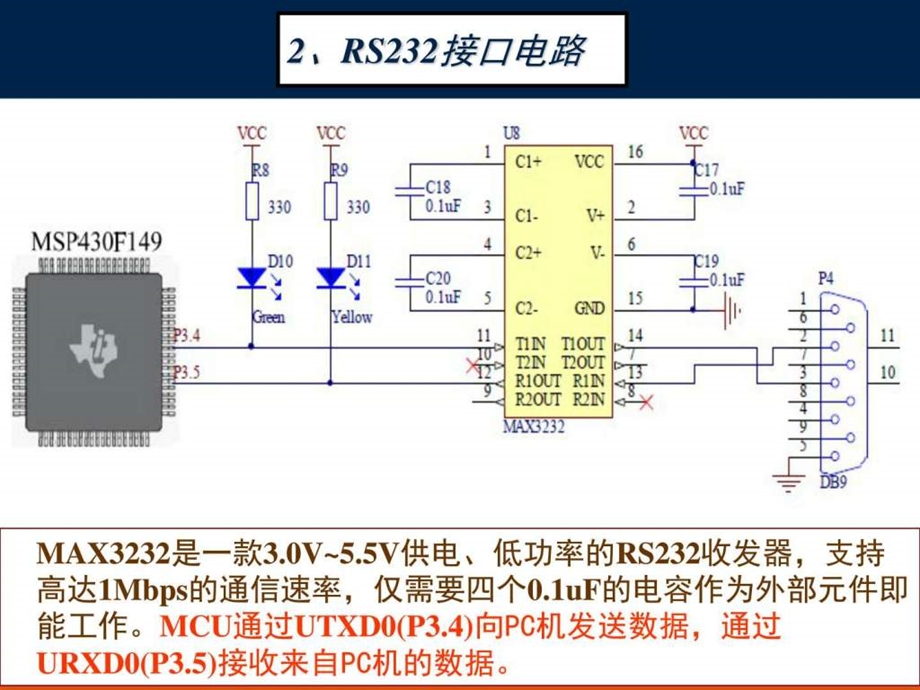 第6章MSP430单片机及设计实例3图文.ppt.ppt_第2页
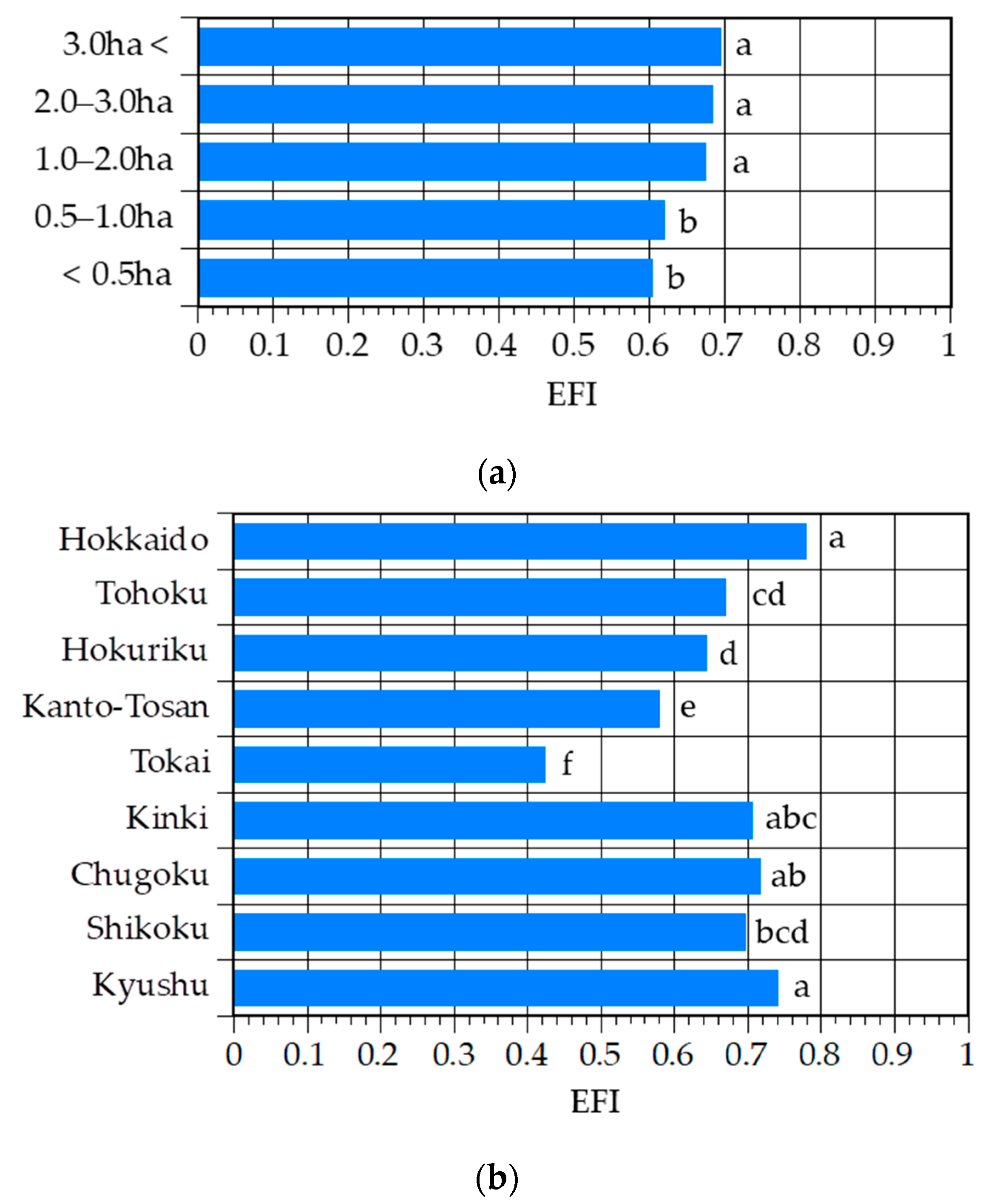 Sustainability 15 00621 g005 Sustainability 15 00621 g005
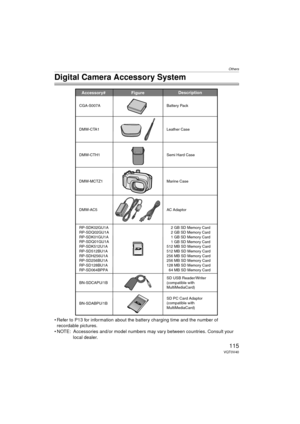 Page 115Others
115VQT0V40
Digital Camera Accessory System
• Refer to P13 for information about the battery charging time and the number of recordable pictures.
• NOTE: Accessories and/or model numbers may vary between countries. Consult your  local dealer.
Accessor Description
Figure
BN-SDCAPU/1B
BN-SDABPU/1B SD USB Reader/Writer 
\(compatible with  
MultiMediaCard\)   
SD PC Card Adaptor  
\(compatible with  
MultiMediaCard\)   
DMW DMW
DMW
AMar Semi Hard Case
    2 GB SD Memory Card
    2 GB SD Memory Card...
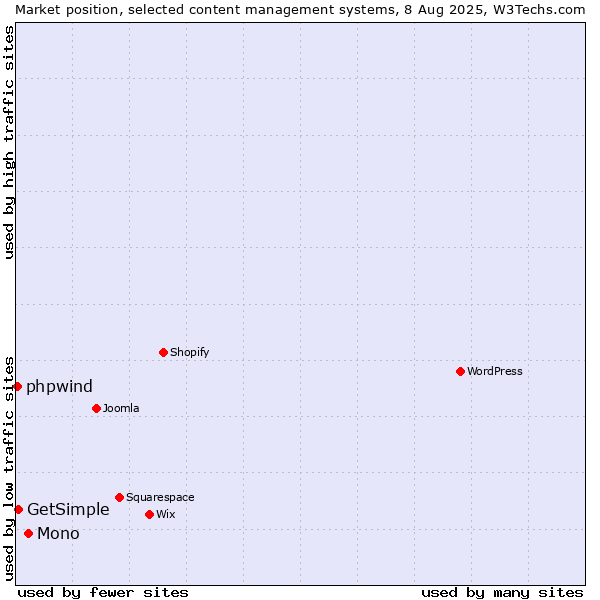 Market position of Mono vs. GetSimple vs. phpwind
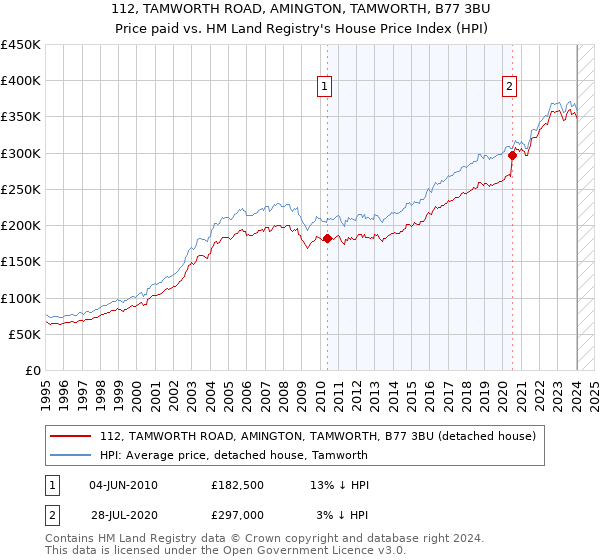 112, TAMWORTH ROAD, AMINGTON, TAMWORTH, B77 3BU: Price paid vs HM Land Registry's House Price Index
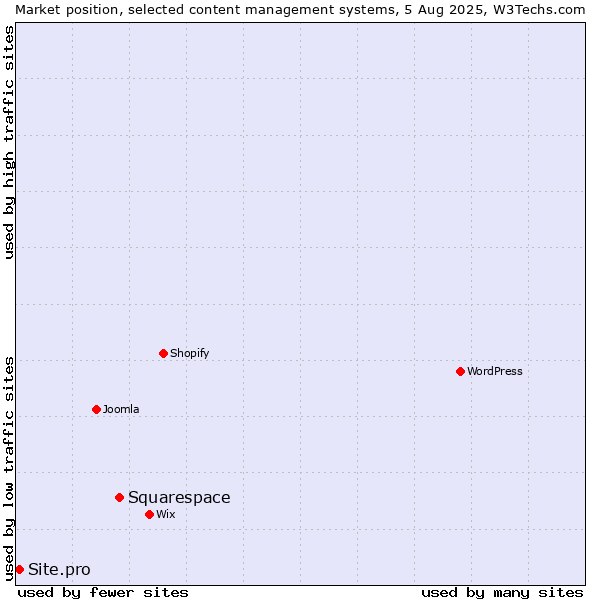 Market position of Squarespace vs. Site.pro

·····

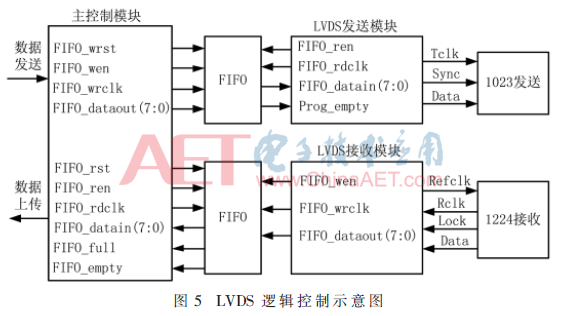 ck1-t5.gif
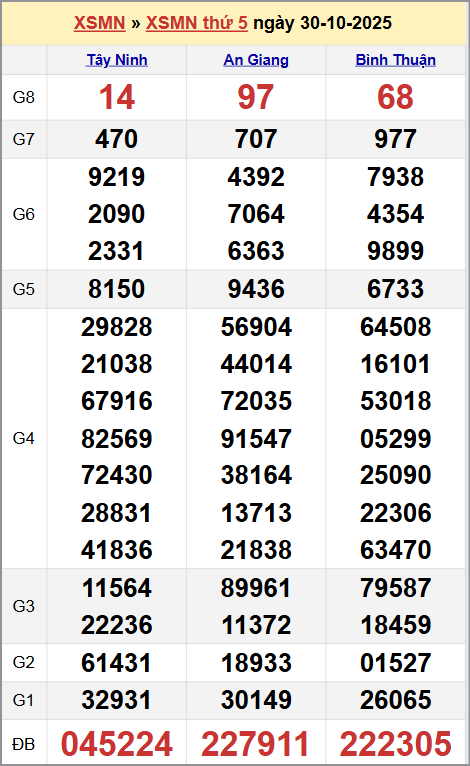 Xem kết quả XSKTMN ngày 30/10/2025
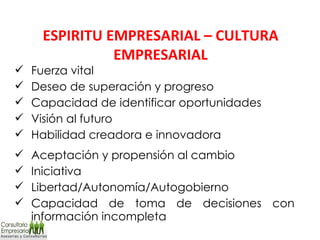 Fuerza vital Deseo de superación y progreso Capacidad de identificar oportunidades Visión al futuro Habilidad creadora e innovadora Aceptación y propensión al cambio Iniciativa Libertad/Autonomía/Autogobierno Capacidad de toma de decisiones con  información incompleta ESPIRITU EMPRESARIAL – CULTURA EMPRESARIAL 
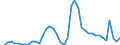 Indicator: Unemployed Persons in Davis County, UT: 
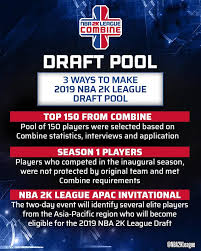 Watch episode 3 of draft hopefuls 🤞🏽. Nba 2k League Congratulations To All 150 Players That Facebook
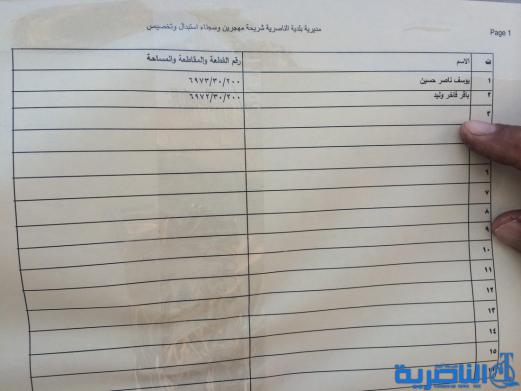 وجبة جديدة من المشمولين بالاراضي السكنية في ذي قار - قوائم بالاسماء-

·····

To do
In the listing above, find the line with "NOTE: Accessories and/or" and the line with "Market position of Squarespace vs. Site.pro". Copy exactly those lines and all between them, minus the images.

Result
• NOTE: Accessories and/or model numbers may vary between countries. Consult your  local dealer.
Accessor Description
Figure
BN-SDCAPU/1B
BN-SDABPU/1B SD USB Reader/Writer 
\(compatible with  
MultiMediaCard\)   
SD PC Card Adaptor  
\(compatible with  
MultiMediaCard\)   
DMW DMW
DMW
AMar Semi Hard Case
    2 GB SD Memory Card
    2 GB SD Memory Card...
 Market position of Mono vs. GetSimple vs. phpwind
 112, TAMWORTH ROAD, AMINGTON, TAMWORTH, B77 3BU: Price paid vs HM Land Registry's House Price Index
 Market position of Squarespace vs. Site.pro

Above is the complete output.